Brass differs from steel in how it is hardened and how it is annealed. Brass can only be hardened by work-hardening and only softened with heat. Steel can be hardened or softened with heat.
Brass is hardened by working, drawing the metal, expanding and contracting it. Cartridge case manufacturers do this in production to give you a strong case that will stand up under firing pressures. They then anneal the case neck and shoulder to soften the area that holds the bullet and expands into headspace. You get a strong cartridge that releases the bullet smoothly and then expands against the chamber wall to seal the pressure spike.

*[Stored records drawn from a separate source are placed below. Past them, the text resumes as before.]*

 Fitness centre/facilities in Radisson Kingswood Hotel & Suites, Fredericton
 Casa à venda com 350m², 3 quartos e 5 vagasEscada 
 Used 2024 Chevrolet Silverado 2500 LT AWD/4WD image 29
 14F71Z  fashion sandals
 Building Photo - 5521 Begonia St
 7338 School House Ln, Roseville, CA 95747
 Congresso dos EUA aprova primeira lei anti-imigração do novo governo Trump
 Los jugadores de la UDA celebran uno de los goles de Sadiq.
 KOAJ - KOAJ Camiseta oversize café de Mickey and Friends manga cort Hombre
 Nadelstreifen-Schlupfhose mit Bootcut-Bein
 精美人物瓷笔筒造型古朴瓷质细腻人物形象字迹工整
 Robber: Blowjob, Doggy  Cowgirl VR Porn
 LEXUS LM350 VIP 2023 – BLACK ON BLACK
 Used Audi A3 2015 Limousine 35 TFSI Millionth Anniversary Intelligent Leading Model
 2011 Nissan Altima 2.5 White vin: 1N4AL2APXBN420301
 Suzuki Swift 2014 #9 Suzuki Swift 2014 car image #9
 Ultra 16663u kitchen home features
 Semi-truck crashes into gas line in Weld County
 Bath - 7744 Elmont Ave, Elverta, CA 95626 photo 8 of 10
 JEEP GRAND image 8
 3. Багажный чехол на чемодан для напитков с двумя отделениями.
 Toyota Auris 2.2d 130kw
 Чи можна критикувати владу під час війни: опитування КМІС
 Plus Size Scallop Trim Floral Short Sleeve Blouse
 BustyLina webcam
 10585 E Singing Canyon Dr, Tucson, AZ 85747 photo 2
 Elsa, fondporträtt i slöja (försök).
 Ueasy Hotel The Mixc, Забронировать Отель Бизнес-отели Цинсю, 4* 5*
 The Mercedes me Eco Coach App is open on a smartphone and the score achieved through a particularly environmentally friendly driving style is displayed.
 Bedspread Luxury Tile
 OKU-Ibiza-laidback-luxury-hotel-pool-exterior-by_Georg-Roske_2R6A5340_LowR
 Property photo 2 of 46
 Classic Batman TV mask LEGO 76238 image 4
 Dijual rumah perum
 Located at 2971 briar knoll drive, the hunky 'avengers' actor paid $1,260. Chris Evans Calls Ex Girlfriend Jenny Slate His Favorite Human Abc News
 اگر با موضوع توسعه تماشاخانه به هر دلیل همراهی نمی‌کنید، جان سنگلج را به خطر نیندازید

After several firing and resizing/ reloading cycles, (5 to 6, sometimes less) the brass necks become work-hardened, and won't release the bullet evenly or expand tightly to seal pressure. This results in lower velocities and inconsistent shot placement. Some of your brass will release at different times than others. Uniform bullet release (neck tension) is one major key to accuracy.
Here you can see the line of soot stops half-way down the neck, below that it is sealed. This is the first firing after annealing.
If the neck/ shoulder area is hardened, it is more prone to splitting or poor performance. This is what happens with repeated use.
This is why we anneal our cases, BUT ONLY THE NECK AND SHOULDER! Annealing the lower case body results in a dangerous soft-cartridge condition that can explode and injure the shooter.
Be aware that like reloading, annealing takes a certain amount of skill and common sense.
If you can reload your ammunition, you can anneal your cases.